De Vereenigde Oostindische Compagnie (VOC) heeft gedurende de zeventiende eeuw op het grondgebied van het huidige Myanmar meerdere handelsposten gehad.
Koninkrijk Birma
In het toenmalige koninkrijk Birma bezat de VOC vier handelsposten:
- Syriam, nu Than Hlyin geheten (1634-1679) Deze plaats was net als Martaban gemakkelijk te bevaren, in tegenstelling tot andere comptoiren in Ava en Pegu, die landinwaarts lagen. In Syriam had de VOC zijn hoofdkantoor in het koninkrijk Birma. In 1651 werd hier een brandveilig pakhuis neergezet, evenals in 1655.
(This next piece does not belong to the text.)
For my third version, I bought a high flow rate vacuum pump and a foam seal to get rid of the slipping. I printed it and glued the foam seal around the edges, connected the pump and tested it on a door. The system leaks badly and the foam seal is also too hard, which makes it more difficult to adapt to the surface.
- Ava (1634-1679), hier bevond zich een filiaal van Syriam.
- Pegu, nu Bago geheten (1634-?) Er werd vooral vanuit de Coromandelkust naar deze post gevaren. De post was in ieder geval in 1677 nog in bedrijf en in 1679 sowieso dicht.
- Prome, (1634-1655) een belangrijke plaats aan de Irrawaddy en van belang voor de handel van hout, met name teak. De post werd gesloten omdat de winsten te laag waren.
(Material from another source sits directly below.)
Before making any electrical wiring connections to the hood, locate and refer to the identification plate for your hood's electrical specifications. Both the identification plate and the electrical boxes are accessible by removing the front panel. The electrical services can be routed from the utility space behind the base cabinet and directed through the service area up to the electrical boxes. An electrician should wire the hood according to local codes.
Vanuit Noord-Birma werd er gehandeld in onder meer Chinese koperen munten, goud, lak, rode en gele koper en zijde. Al deze producten kwamen uit China. Birmese producten waren onder meer zilver, goud, saffieren, robijnen, lak, slagtanden van olifanten, aardolie, lange pepers, lakwaren en cachou. Vanuit het zuiden werd door de VOC voornamelijk geëxporteerd in onder andere bijenwas, honing, tin, ivoor, hout, kardemom en Martabankruiken; in het begin ook herten-, waterbuffel- en tijgervellen.[1] De slagtanden van de olifanten kwamen uitsluitend van dode olifanten. Het was de VOC niet toegestaan om vanuit Birma rechtstreeks handel te drijven met China.
In 1673 werd er niet met Birma gehandeld, vanwege frictie met de Britten aan de Coromandelkust. Het jaar erop gingen er evenmin schepen naar Birma, omdat die niet beschikbaar waren.[2]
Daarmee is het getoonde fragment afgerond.